There are two main uses of statistics by civilians, defined as folks who use statistics, who may have even had a class or two in the subject, but who are not statisticians1. These two are:
- Differences between means
- Differences between proportions
Examples of (1): marketing trial with two groups, A and B; or a drug trial, or psychological, educational, or sociological study, or dozens of other similar academic exercises, and on and on (and on some more). Gist is there are two groups and one wants to test whether the means of these two groups are “different” from one another.
Examples of (2): pretty much the same: marketing trial with two groups, C and D; or a drug trial, or psychological study, etc. Gist is there are two groups and one wants to test whether the proportion of “successes” is “different” from one trial to the other.
There are two main ways data analysis proceeds: the classical, hypothesis-testing, p-value way, or Bayesian posterior examination. Both ways lead to too much certainty. And then there’s the predictive way. Let’s look at some examples.
Differences between means
Two groups, A and B, are observed; data are taken from both. A t-test is run which asks the (unnecessary2) question, “Are the means different?” The first plot below shows us an example: yes, the two means are different, with a p-value of 0.00015. Pretty small! And would lead any researcher to conclude his theory is true. And be pretty darn confident about that judgment.
But he’d be way too certain, as we shall see.
A Bayesian would eschew the t-test and opt to tell us of the posterior probability that the parameter for B is larger than the parameter for A. That probability is 0.99994, which is pretty high and allows us to conclude that, yes, the parameter for B is probably larger than the parameter for A. But notice the second plot, which is of the parameters, over the range of the observed data. The difference in the parameters might surely be real (it has a 99.994% chance), but the parameters aren’t the data. They’re just parameters, and are unobservable. The real data is a lot more variable than the Bayesian analysis lets on.

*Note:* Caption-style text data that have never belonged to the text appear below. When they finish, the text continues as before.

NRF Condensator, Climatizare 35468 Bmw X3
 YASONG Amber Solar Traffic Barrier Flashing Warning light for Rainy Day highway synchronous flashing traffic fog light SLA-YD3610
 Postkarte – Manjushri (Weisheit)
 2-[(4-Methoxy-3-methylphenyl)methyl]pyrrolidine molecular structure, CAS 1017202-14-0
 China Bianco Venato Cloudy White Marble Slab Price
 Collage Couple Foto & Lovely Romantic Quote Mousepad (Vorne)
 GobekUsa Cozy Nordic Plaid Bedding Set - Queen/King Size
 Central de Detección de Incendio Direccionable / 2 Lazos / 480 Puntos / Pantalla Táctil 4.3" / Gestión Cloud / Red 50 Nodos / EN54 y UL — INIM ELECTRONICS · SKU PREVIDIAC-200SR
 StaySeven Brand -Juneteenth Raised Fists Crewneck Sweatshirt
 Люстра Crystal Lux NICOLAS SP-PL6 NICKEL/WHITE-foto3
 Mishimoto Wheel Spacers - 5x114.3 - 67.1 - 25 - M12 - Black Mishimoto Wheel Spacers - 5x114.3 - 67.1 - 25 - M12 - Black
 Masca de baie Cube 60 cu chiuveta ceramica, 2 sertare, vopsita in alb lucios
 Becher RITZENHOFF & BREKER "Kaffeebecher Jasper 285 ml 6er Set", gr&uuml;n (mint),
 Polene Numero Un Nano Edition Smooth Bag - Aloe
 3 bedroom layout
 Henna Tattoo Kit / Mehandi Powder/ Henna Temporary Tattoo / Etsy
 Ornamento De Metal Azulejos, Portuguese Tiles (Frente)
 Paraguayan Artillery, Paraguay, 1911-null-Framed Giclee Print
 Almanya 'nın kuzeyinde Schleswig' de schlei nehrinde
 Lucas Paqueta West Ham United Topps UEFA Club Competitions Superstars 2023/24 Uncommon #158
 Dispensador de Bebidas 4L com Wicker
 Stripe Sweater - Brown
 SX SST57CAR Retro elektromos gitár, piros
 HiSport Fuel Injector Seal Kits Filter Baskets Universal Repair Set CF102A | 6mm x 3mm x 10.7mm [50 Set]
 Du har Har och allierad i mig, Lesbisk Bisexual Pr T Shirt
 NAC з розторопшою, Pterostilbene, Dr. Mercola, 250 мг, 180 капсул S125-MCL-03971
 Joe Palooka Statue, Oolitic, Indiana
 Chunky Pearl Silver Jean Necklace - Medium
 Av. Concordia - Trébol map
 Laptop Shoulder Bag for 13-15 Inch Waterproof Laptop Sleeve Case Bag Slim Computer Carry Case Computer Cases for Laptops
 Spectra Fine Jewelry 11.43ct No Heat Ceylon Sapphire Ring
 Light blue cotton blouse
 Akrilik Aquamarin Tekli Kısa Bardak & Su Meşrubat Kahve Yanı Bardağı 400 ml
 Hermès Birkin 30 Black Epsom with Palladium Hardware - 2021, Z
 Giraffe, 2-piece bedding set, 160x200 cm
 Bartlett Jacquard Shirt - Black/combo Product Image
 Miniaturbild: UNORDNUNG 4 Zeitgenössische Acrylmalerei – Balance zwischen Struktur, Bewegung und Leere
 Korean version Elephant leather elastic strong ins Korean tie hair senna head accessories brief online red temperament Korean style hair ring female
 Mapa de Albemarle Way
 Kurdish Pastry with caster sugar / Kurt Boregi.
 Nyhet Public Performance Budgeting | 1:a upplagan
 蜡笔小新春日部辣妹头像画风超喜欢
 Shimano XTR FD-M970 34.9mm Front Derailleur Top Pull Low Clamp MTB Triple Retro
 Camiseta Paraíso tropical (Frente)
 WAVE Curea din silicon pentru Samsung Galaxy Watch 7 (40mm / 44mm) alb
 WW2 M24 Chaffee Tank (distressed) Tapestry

The predictivist goes one step further and says, What do I care about parameters? What’s the chance, given the old observations, that new data for B will be larger than new data for A? That probability is not as high as 0.99994; indeed, it’s much, much smaller. It’s only 0.651. The difference between the Bayesian posterior analysis and the predictive judgment is given in the third plot.
It’s still true that there is a 65% chance that B is bigger than A, but it’s not as sure a thing as the p-value or posterior would have had you believe. This is a much better measure of the inherent uncertainty in the problem. And a much fairer way to look at things.
Differences between proportions
Two groups, C and D, are observed; data are taken from both. A chi-square is run which asks the (unnecessary2) question, “Are the proportions different?” The first plot below shows us an example: yes, the two proportions are different, with a p-value of 0.035. Small. Again, this would lead any researcher to conclude his theory is true. And again be fairly sure about that judgment.
But as before, he’d be too certain.
The Bayesian again tells of the posterior distributions, giving us a probability a the parameter for D is larger than C of 0.983. Wow! Those parameters sure have a large chance of being different. But…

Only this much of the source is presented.